India has shifted to a new GDP series. The organisation responsible for
calculating national income – CSO (Central Statistical Organisation) –
adopted a new series based on the year 2011-12 instead of the previous
2004-05. One might need to understand a few technical terms like GVA at
basic prices, production tax, product tax etc. to understand the changes
brought about in the new series, which is explained below.
National Income:
The total income of a nation can be expressed using many parameters like
GDP, GNP, NDP, NNP etc. There are again sub-variations like GDP at factor
cost, GVA at basic price, GDP at market price etc.
GDP:
● Gross Domestic Product (GDP) is the total money value of all
final goods and services produced in the economic territories of
a country in a given year.
● In simple terms, GDP is the product of the quantity of goods
(and services) produced with their final price (value).

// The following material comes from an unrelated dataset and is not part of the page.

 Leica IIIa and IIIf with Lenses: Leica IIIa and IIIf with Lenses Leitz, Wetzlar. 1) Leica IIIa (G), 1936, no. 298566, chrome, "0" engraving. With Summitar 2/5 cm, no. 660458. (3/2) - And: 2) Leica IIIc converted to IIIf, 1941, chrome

● GDP can be expressed at the constant price and at the current
price. Constant price calculations are inflation adjusted (real
GDP), while current price calculations include the inflation
component too (nominal GDP).
● GDP can also be expressed at factor cost and market prices
Factor Cost vs Basic Price vs Market Price:
● General Relationship between Factor Cost and Market Price:
Factor Cost + Indirect Tax – Subsidies = Market Price.
, ● The relationship between Factor Cost and Basic Price: Factor
cost + production tax – production subsidies = Basic prices.
● The relationship between Basic Price and Market Price: Basic
Price + Product tax – Product Subsidy = Market Price.
● Note: Thus, it is clear that market price includes both product
tax as well as production tax while excludes both product and
production subsidies.
● Basic price: Basic prices exclude any taxes on products the
producer receives from the purchaser and passes on to the
government (Eg: GST or Sales Tax or Services Tax) but include
any subsidies the producer receives from government and uses
to lower the prices charged to purchasers. In simple terms,
basic price is the subsidized price without tax.
GVA:
● GVA is defined as the value of output less the value of
intermediate consumption. For example, if the value of final
output is Rs.25 and that of an intermediate product is Rs.17,
then the value addition is Rs.8. The gross value addition – when
value additions at all intermediate stages are calculated should
be equal to the GDP, ie Rs.25.
● The significance of GVA: Value added represents the
contribution of labour and capital to the production process.
● The connection between GDP and GVA: As an example consider
the case of 1 bottle of orange juice you buy from a retail outlet
for Rs. 30. As this is the money value of the final output, Rs.30 is
value for GDP. The same GDP can be calculated by counting the
value addition in intermediate stages too.
● GVA is calculated usually without discounting for capital
consumption or depreciation.
● When the value of taxes on products (less subsidies on
products) is added, the sum of value added for all resident units
gives the value of gross domestic product (GDP).